Certainly, though, he never played anything flashy. No five or 10 minute drum solos for ‘Ole Pete. Which is a pity – as anyone who has ever been to a rock gig will attest, a 10 minute drum solo is always the perfect opportunity to get another round from the bar.
Anyway, Pete’s bandmates – we’ll call them John, Paul, George and occasionally Stuart – were ambitious sorts. They had a ticket to ride – with grand dreams of conquering the world. With each gig, they got just that little bit better – while Pete kept drumming away. Competently.
Over time, Pete’s bandmates increasingly grew bored of the competent drummer. It turns out love is not all you need, after all. The bandmates dreamed about having a star – or more precisely, a Starr – behind the drums.
Needless to say, the bandmates eventually found their man – and Ringo was his name-o. On a hard day’s night, poor Pete was let go. All things must pass – but that didn’t stop our drummer.
Now free as a bird, Pete started a new band and kept playing. It turns out he was not that bad a writer, either. (That being said, he was certainly no paperback writer.)
Unfortunately for Pete, he never did have that big hit he was looking for. Meanwhile, across the universe, the accolades, the mansions, the screaming fans, the gold and platinum records all piled up at the feet of his former bandmates.
To this day, on stages made of Norwegian wood, Pete and his competent band still plays gigs in small theatres, local pubs and half-filled bingo halls.
Occasionally, he even appears on television. Unfortunately, the likes David Letterman and Opera Winfrey are always more interested in his former bandmates and the circumstances of his dismissal than they are in his new band.

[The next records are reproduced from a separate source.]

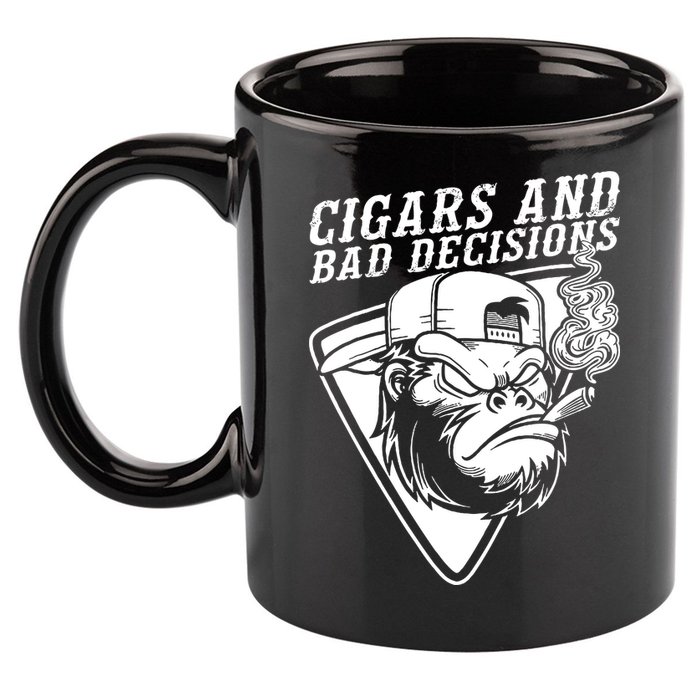 Monkey Cigars And Bad Decisions 11oz C Handle Ceramic Mug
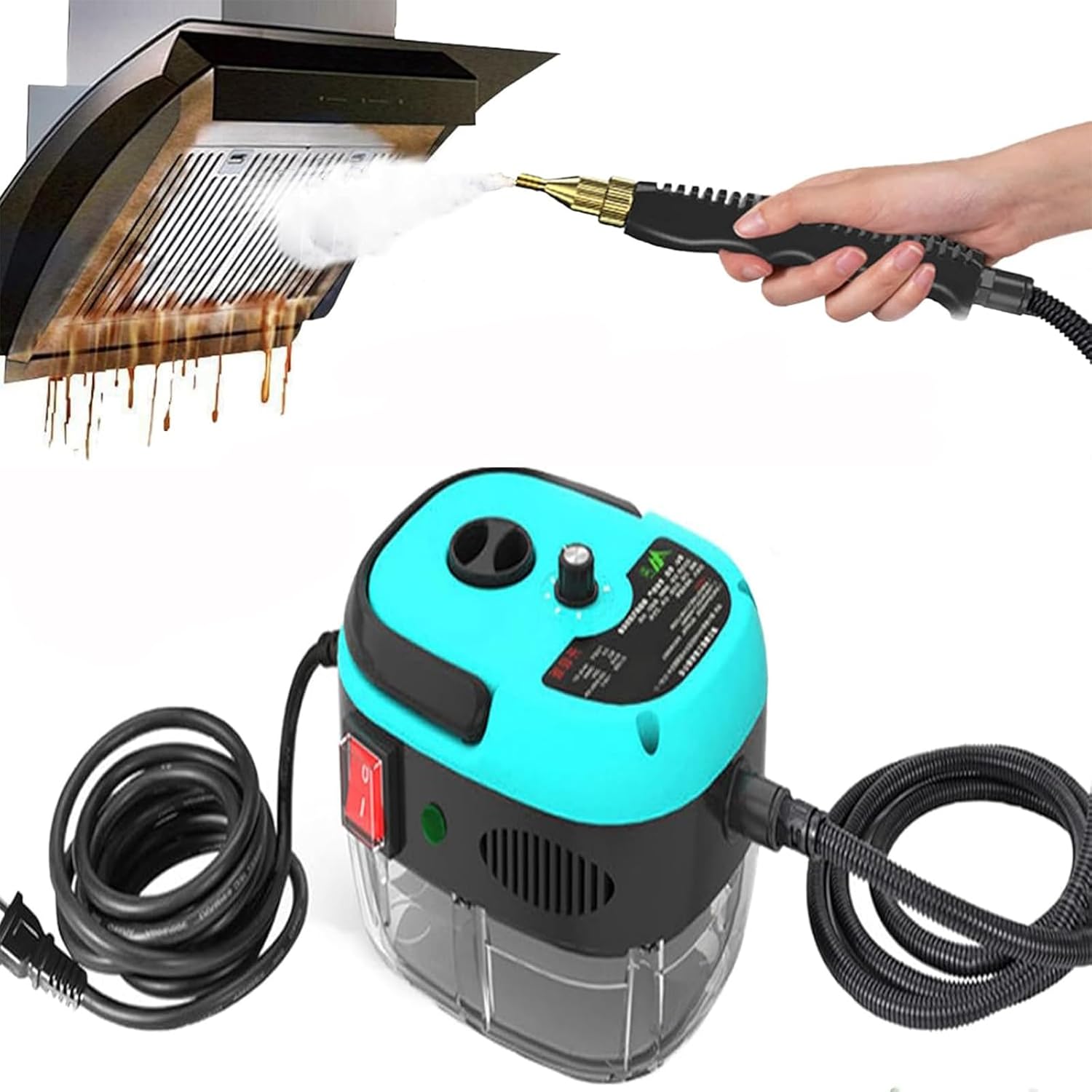 Muntuni 2500W Furniture Steam Cleaner, 2500w Handheld High Temperature Pressurized Steam Cleaner, Car Steam Cleaner, Furniture Steam Cleaner, for Floors, Cars, Kitchens, Bathrooms (蓝色)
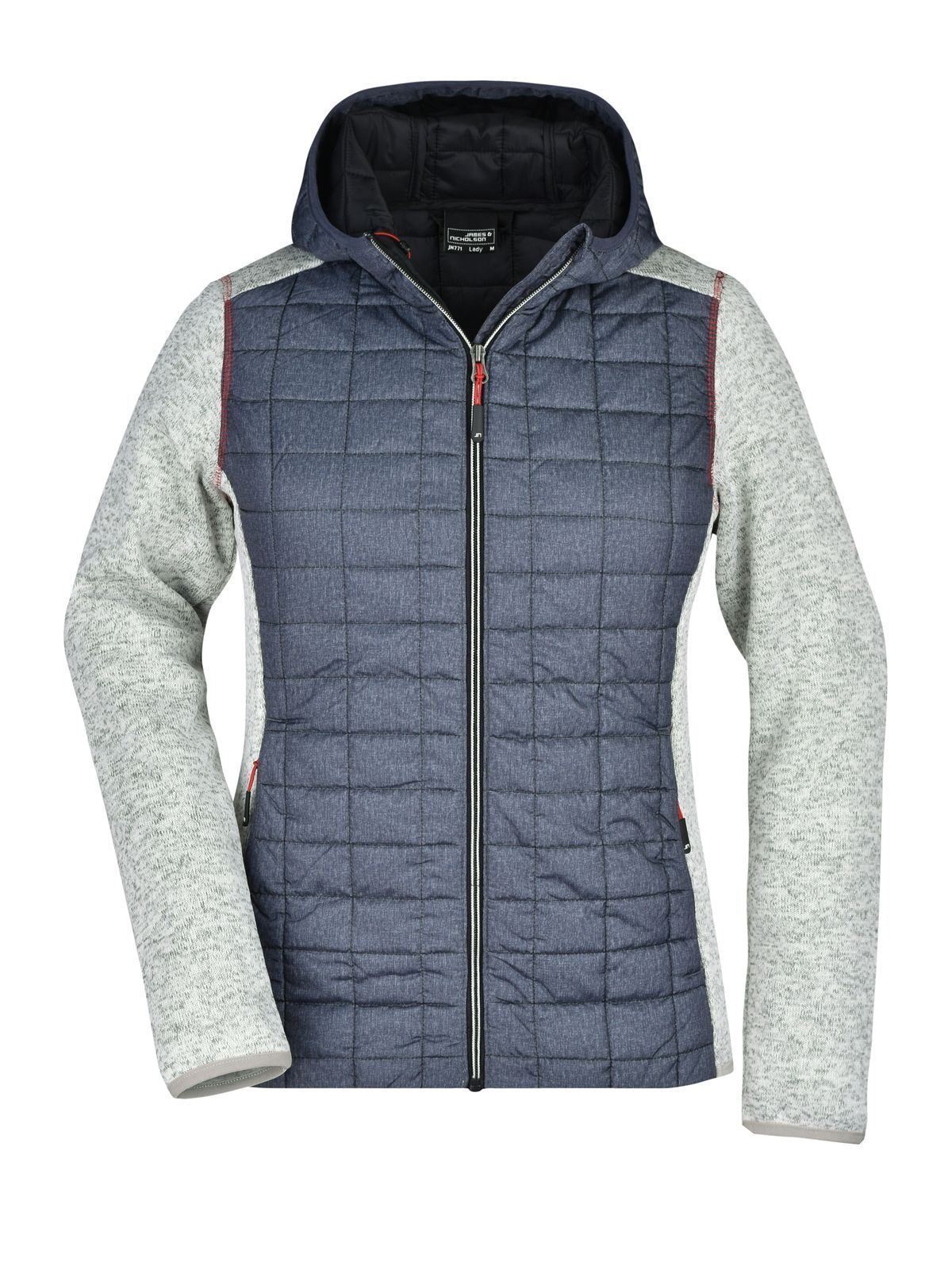 Damen-Strick-Hybridjacke - LMANM - LMANM – Hellmelange-Anthrazit-Melan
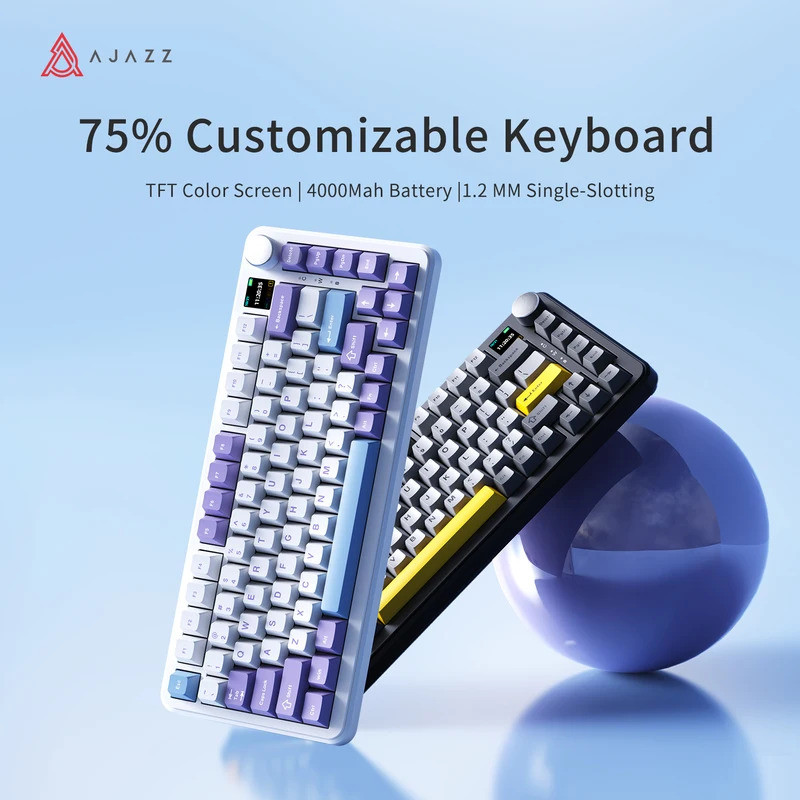 Mới AJAZZ AK820 MAX trục từ tính Tri-mode Hot Swap 4000mAH RGB Bàn phím cơ chơi game không dây Bluet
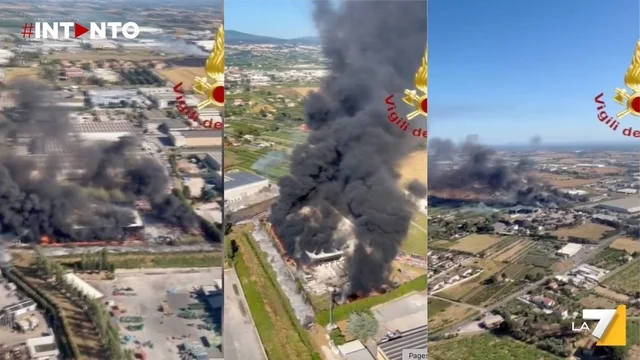 Incendio a Roma Sud: in fiamme impianto di stoccaggio di materiale elettrico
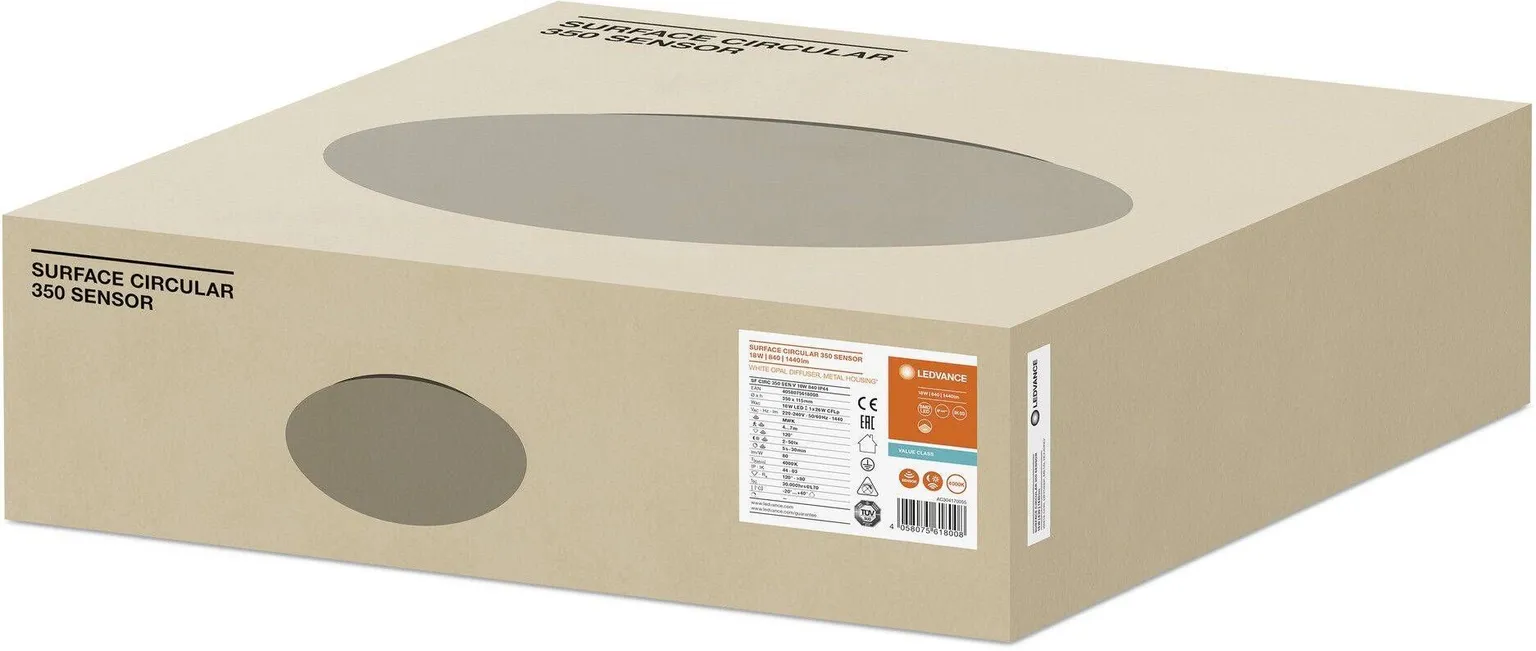 PLAFOON LEDVANCE CIRCULAR 350 SENSOR 18W LED 840 IP44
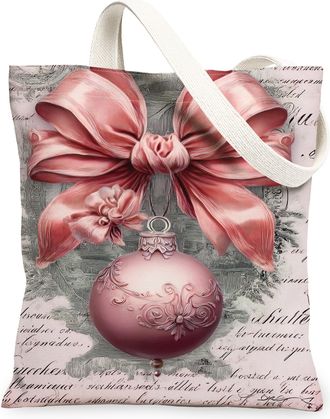 Generic Christmas Peach Ornament Canvas Tote Bags, Vintage Floral Bow Design Reusable Grocery Bags, Lightweight Washable Shoulder S, Peach, 13x15 Inch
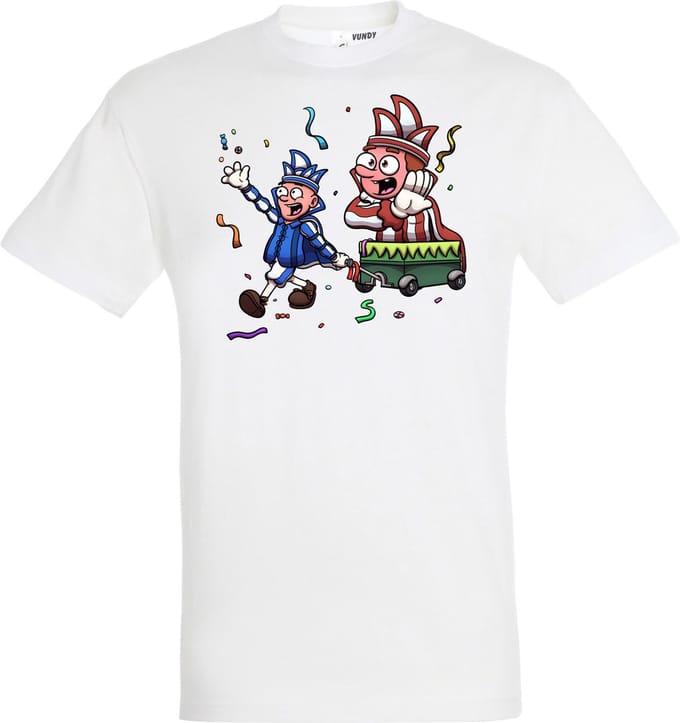 T-shirt Carnavalsoptocht | Carnaval | Carnavalskleding Dames Heren | Wit | maat S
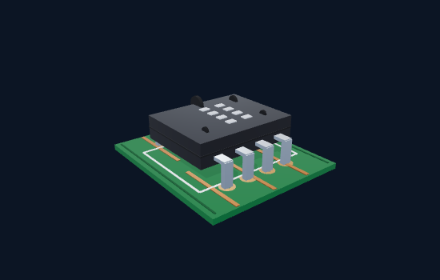 A DIP-8 integrated circuit on a board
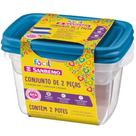 Conjunto de 2 Potes Plásticos Cores Sortidas - 180/6C - SANREMO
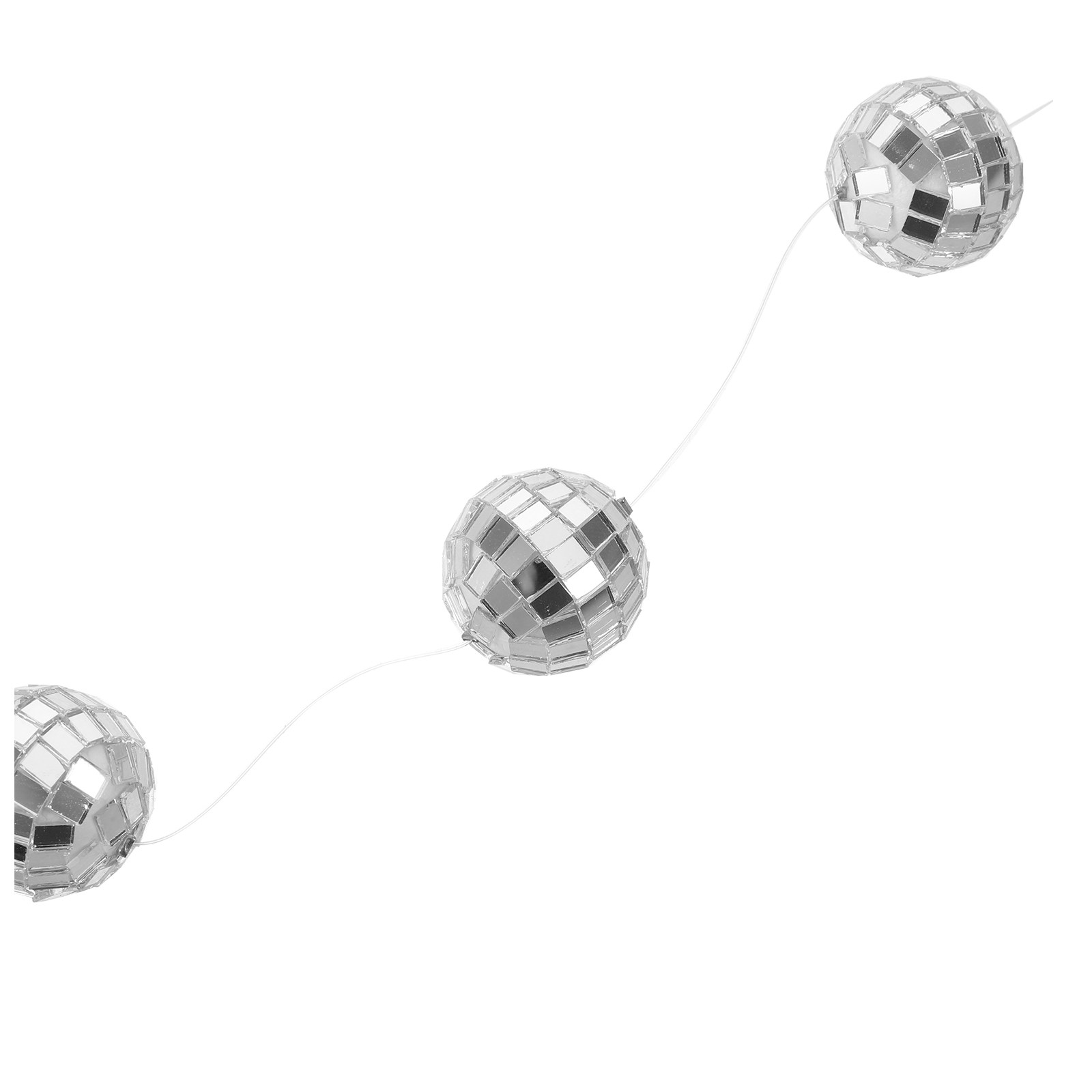 4Pcs Garland Bola Disko Perak, - Disco Ball Mirror ulasan dan harga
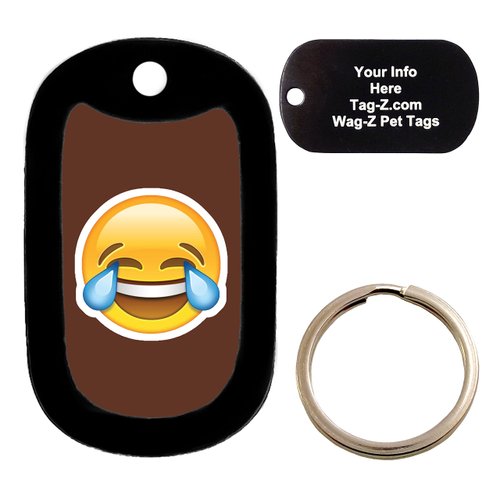 Custom Engraved Pet Tag - laughing tears emoji brown - Dog Tag - Tag-Z Wag-Z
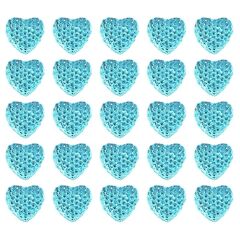 Polyester Kalp Fiyonk, 1,3 cm - 25 Adet - MAVİ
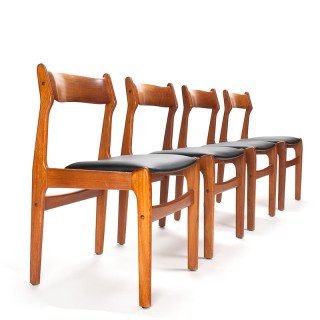 Set van 4 Burchardt-Nielsen Mid-Century Deense eettafel stoelen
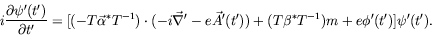 \begin{displaymath}
i\frac{\partial\psi^\prime(t^\prime)}{\partial t^\prime} =
[...
...^*T^{-1})m
+ e\phi^\prime(t^\prime) ] \psi^\prime(t^\prime) .
\end{displaymath}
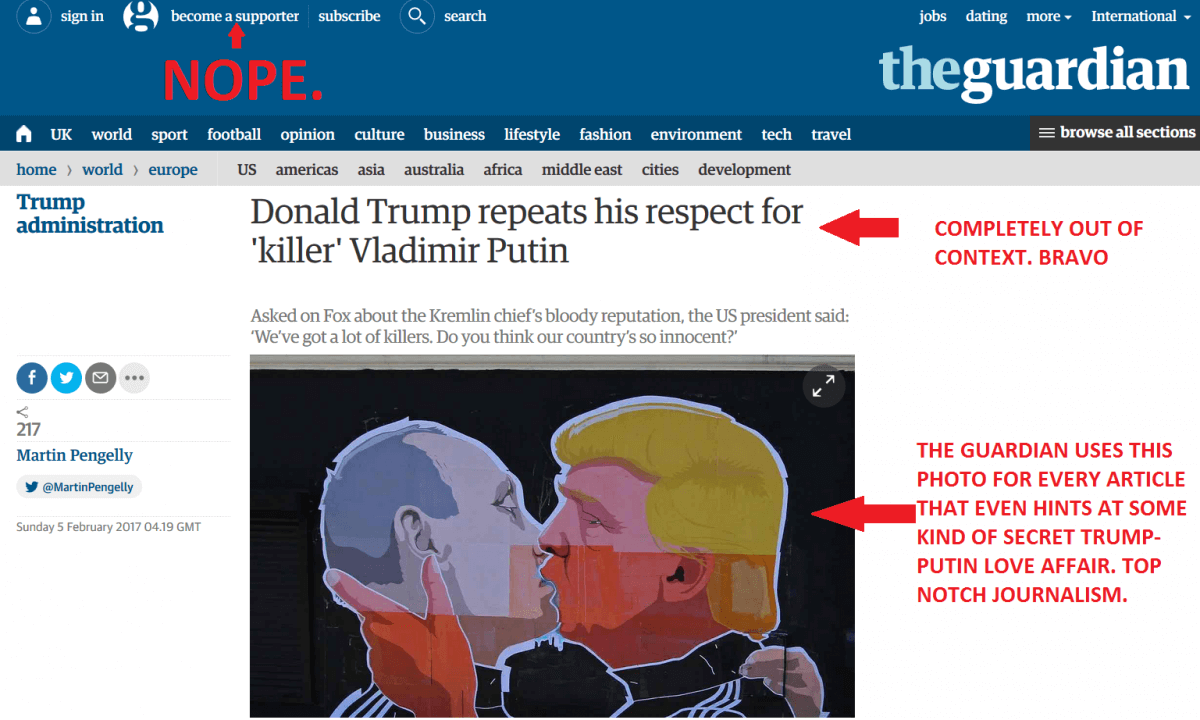 guardian sucks, guardian trump putin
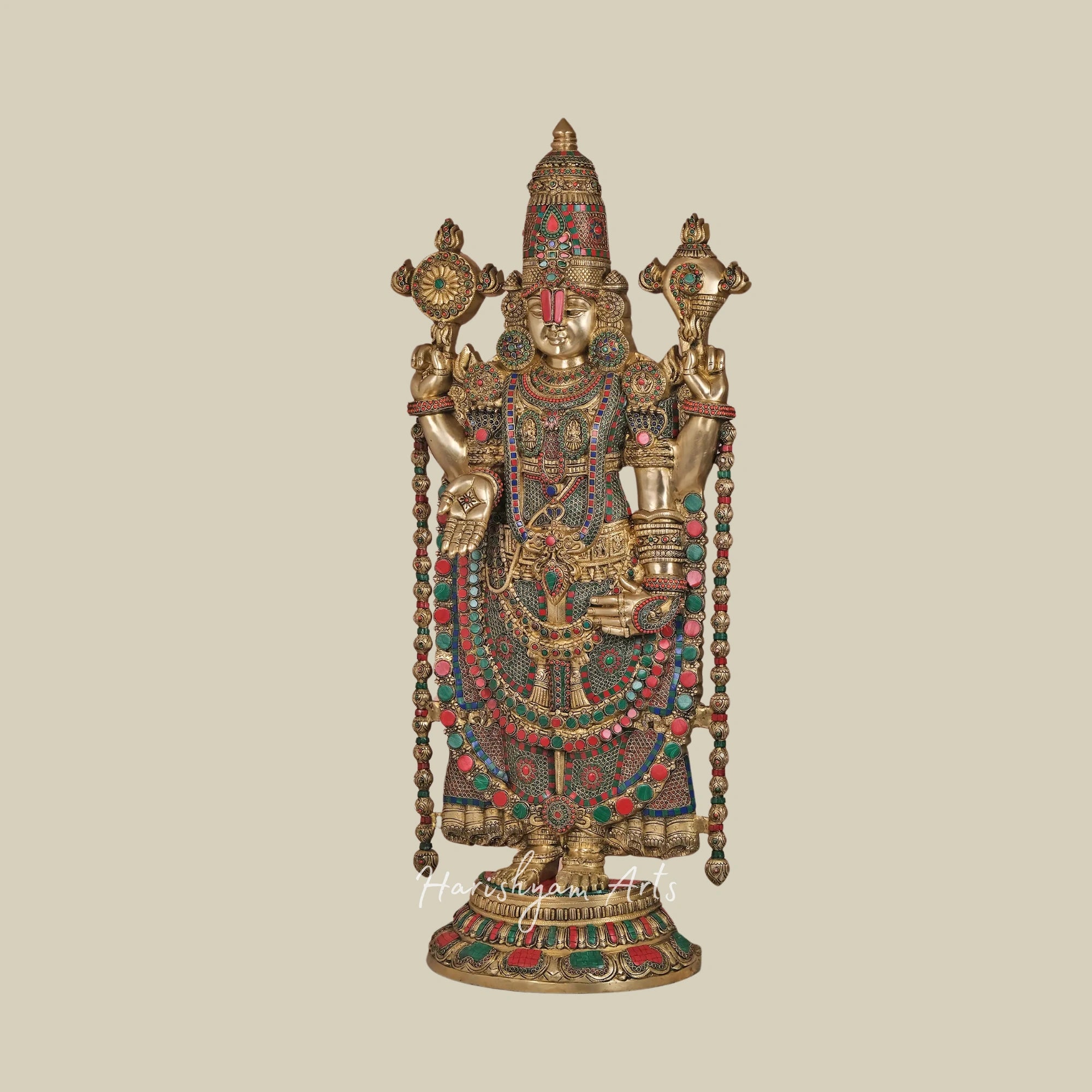 47" Large Brass Lord Venkateshwara Statue with Premium Inlay Work for Mandirs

Most people who watch go away thinking about how cheerful he comes across – especially given the oft-told backstory. And, truth be told, Old Pete is happy with his lot in life. Long ago, he learnt to let it be.
Still, late at night, he can still be found occasionally pulling out a record by his former bandmates. And looking through that glass onion, as the old tunes play, Pete surely can’t help but think – what if?
So here’s Old Taskmaster’s proposition. Forget about being second best. In life, many are content with being Pete Best. You can get by in life on being competent. It might not be strawberry fields forever, but it’s comfortable.
On the other hand, if you say you want a revolution, you need to do your Best, for Pete’s sake!
Get it done – eight days a week!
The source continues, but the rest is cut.